A car advertising Jerrel Dean Nixon's rose business parked near where Nixon was fatally struck in a hit-and-run at the intersection of Natural Bridge Avenue and Farrar Street on Monday, May 18, 2015. Photo by Cristina Fletes-Boutte, cfletes-boutte@post-dispatch.com

ST. LOUIS • The driver who struck Jerrel Nixon, better known as St. Louis’ “Rose Man,” was drunk and speeding last May when he hit Nixon in a crosswalk and left the scene, police say.

Circuit Attorney Jennifer Joyce’s office charged Antonio Cooper, of the 4500 block of Margaretta Avenue, with first-degree involuntary manslaughter on Wednesday. He is being held in lieu of $150,000 cash-only bail.

Witnesses told police that Cooper was speeding in a 2011 Chrysler 200 and ran a red light in the 2600 block of Natural Bridge Road just before midnight May 17 when he struck Nixon, 64.

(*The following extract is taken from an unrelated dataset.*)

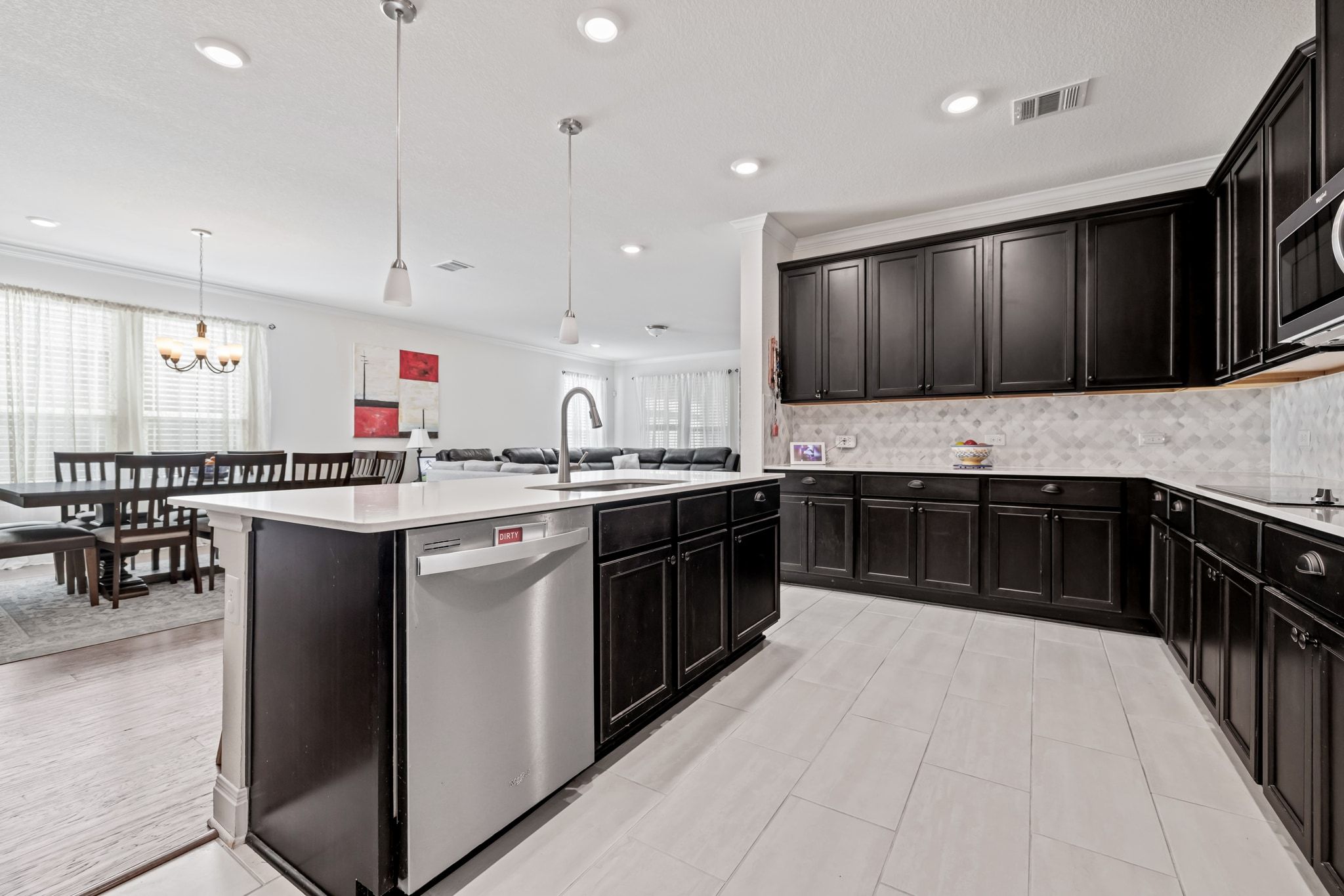 1022 Toltec Trail Georgetown, TX 78626 - Photo 14 of 37 Kitchen featuring ornamental molding, stainless steel appliances, tasteful backsplash, pendant lighting, and a kitchen island with sink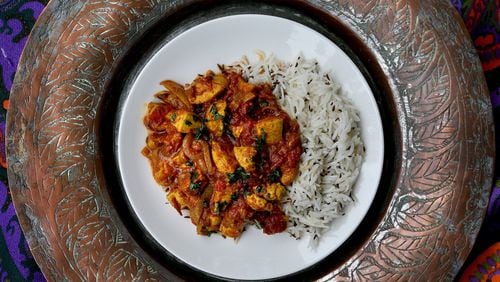 Chicken tikka masala with a side of caraway-spiced rice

Nixon, of the 5900 block of Hamilton Terrace, was pronounced dead at the scene. Police found the vehicle about a block away near Natural Bridge and Parnell Street and arrested the driver, but the investigation continued and warrants were not issued until Wednesday.

Cooper’s blood-alcohol content was greater than 0.149 percent, according to court documents.

Using evidence found on the road and a computer program, St. Louis County police Officer Matthew Wieczorek determined Cooper was driving between 59 and 84 mph in an area where the speed limit is 35 mph, according to the court documents.

Nixon’s brother, Lee Nixon, sold roses at area nightclubs for three decades before he was fatally shot in June 2008.

The case was never solved. After his brother’s death, Jerrel Nixon and his niece Lesia Nixon began selling roses, and Jerrel Nixon adopted his brother’s moniker.

Lesia Nixon told the Post-Dispatch in May that she believes her uncle had just left a regular stop, CW’s Lounge at 2600 Natural Bridge, when he was hit.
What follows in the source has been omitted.